Nessun uomo che non sia rimasto senza dormire da Samhain al tempo di Imbolc, da Imbolc ai fuochi di Beltain e da Beltain al momento del raccolto di Lughnasadh, e da allora a Samhain, può andare là.

Questo ciclo è forse l’aspetto più interessante dell’approccio celtico al tempo ed è, certamente, quello che possiamo più facilmente seguire al giorno d’oggi.

Nel nostro tempo, la maggior parte di noi ha perso il contatto con i cicli delle stagioni e le feste occidentali che celebriamo sono sempre più un periodo ed un motivo per dedicarci allo shopping ed ai consumi, piuttosto che per riflettere sul trascorrere del tempo, sui cambiamenti, sulle trasformazioni.

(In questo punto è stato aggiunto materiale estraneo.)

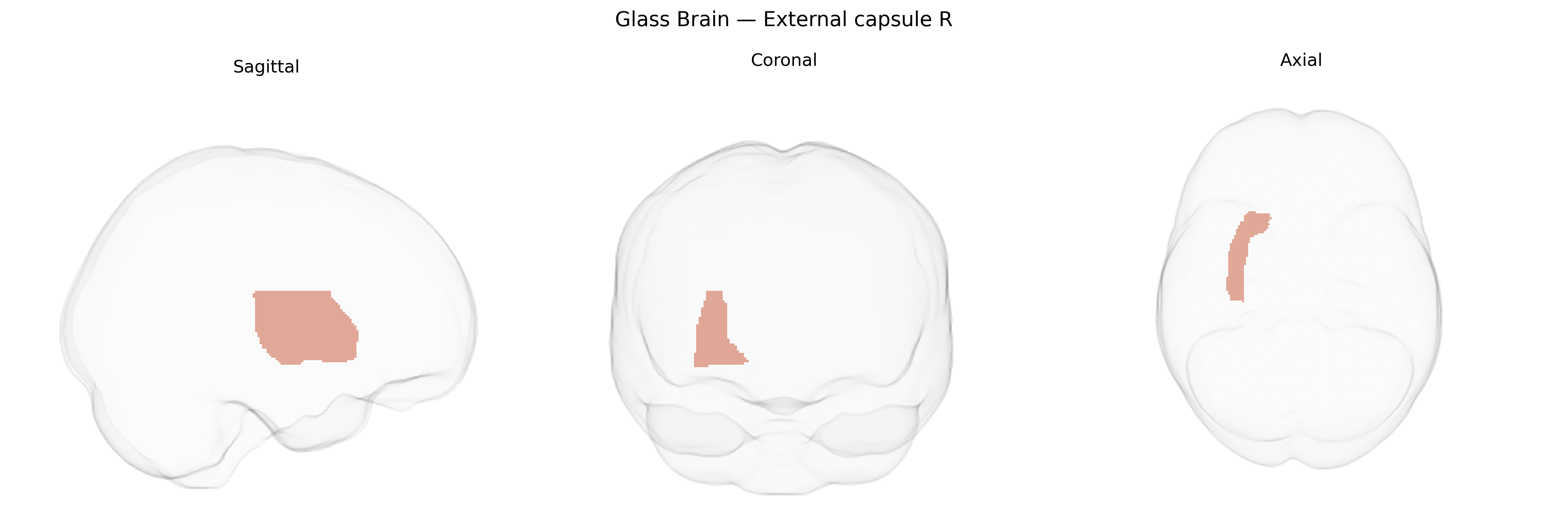 Triplanar Ghost Brain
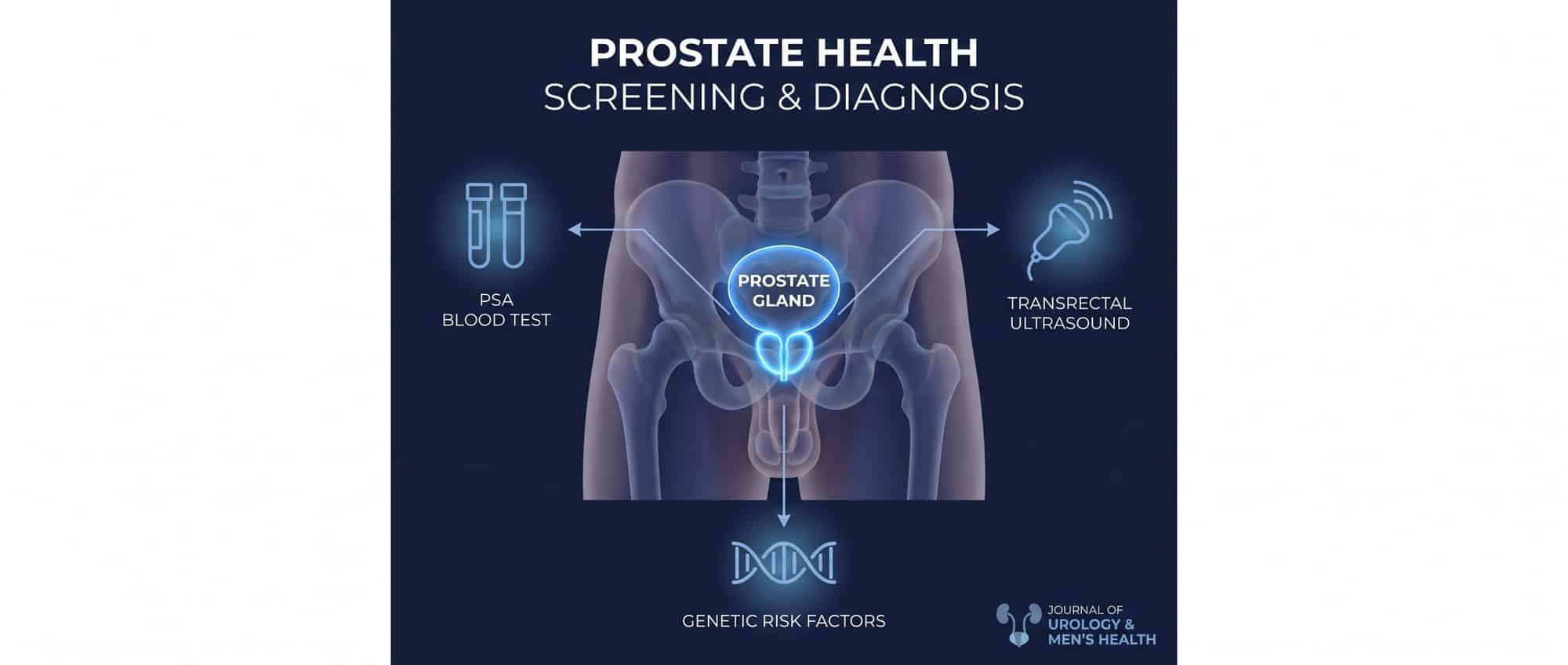 Medical infographic highlighting prostate gland anatomy with PSA screening icons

Così, osservando e partecipando alle feste celtiche (ma non solo, in generale, tutte le ricorrenze tradizionali che abbiamo ereditato dall’antichità) siamo in grado di riscoprire e riappropriarci di un senso del ritmo e della continuità alla nostra vita e del fluire del mondo.

Rievocare le nostre origini, ricercare le nostre radici, riscoprire il piacere e la positività di riarmonizzarci con la natura, con il mondo che ci circonda sono un modo per non lasciarci travolgere dalla frenesia, dall’ansia, dalla sindrome del coniglio bianco che ci hanno imposto l’epoca Moderna e Postmoderna.

Il capodanno celtico, come la festa di Halloween, o la cristiana commemorazione dei morti e dei santi, possono essere un’occasione per tutti noi, per recuperare una dimensione più umana del nostro tempo, per tornare a gustare il piacere della lentezza (slow living), del tempo delle emozioni, della mente, dello spirito, della natura e non quello incalzante e stressante scandito dagli orologi.

L’augurio, dunque, per questo inizio delle ricorrenze che andremo a celebrare  nei prossimi giorni è proprio che ciascuno di noi riesca a ritagliarsi un po’ di tempo da dedicare a se stesso, a guardarsi dentro, almeno per una volta, a “vivere” e non lasciarsi viviere.